Несмотря на отсутствие аппетита, я спустилась вниз и начала буквально запихивать в себя еду. Мне стало так хорошо, что первой мыслью было позвонить Мише и во всем признаться. А потом меня отпустило. Пусть помучается несколько дней. Главное не переборщить с игнором.
Я поняла, что что-то не так еще ночью. Ощущения собственного тела – очень странные. К утру затуманенным, но все же функционирующим мозгом, до меня дошло, что я заболела. Когда я мечтала заболеть – ничегошеньки. А когда мне уже нельзя – распишись и получи. Паника накрывает с головой. Но постепенно она отходит на второй план.
Просто физически настолько плохо, что думать о чем-то не получается. К вечеру папа вызвал врача. Хоть голова не соображает, но я все же улавливаю между разговорами, что это грипп. Думать совсем не получается. Но когда мне суют какие-то таблетки, мозг просыпается. Сказать сейчас, что мне нельзя пить какую-то гадость не могу. Делаю вид, что беру их в рот и запиваю водой. Сама же все сплевываю.
***
На пятый день мне показалось, что я умираю. И не пить лекарства, чтобы не навредить ребенку – высшая степень идиотизма, если я сама могу отправиться в мир иной. Правда, на шестой день температура стала спадать сама и ко мне вновь вернулись способность мыслить и надежда на удачный исход.
На восьмой – появилась четкая надежда, что все будет хорошо. Одно огорчало, данный Мишей телефон разрядился. И моя зарядка не подходит. Как теперь быть – не понимаю. Наверное, я бы и дальше думала о мобильнике, если бы совершенно случайно мой взгляд не зацепился за пустующую полку. Где мои розы?!

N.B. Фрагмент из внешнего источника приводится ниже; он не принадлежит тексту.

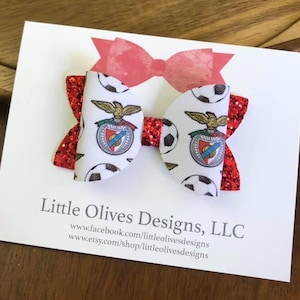 May include: A white and red hair bow featuring a soccer ball pattern and a team emblem. The bow has red glitter accents and is displayed on a white card with the text "Little Olives Designs, LLC".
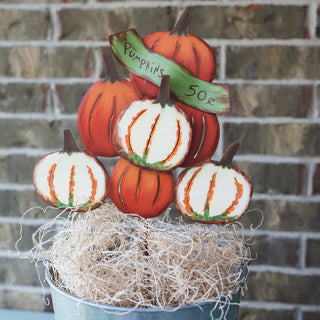 Decorative metal pumpkin display with a 'Pumpkins 50c' sign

Несмотря на слабость в теле, откуда-то появились силы вполне резво спуститься на первый этаж. Папу я наша почти сразу.
– Где мой горшок? – без предисловий бросаю я.
– Рад, что тебе лучше, раз ты уже спустилась, но что за странный вопрос?
– Я еще раз спрашиваю, где мой горшок?!
– Ну хорошо, давай так: выбросили еще в детстве.
– Где мой горшок с розами?! – стараюсь взять себя в руки, но не получается. Папино спокойствие и неприкрытая радость – дико злят.
– Там же, где и детский горшок. Растение гиблое, его сегодня выбросили, – как там говорил Миша? Не погубишь и сохранишь их, тогда все у нас будет хорошо? Чувство такое, что что-то внутри оборвалось.
– Верни мне их. Сейчас же! Если надо, езжай сам на помойку и лично привези. Если не привезешь – я… я не знаю, что я с тобой сделаю.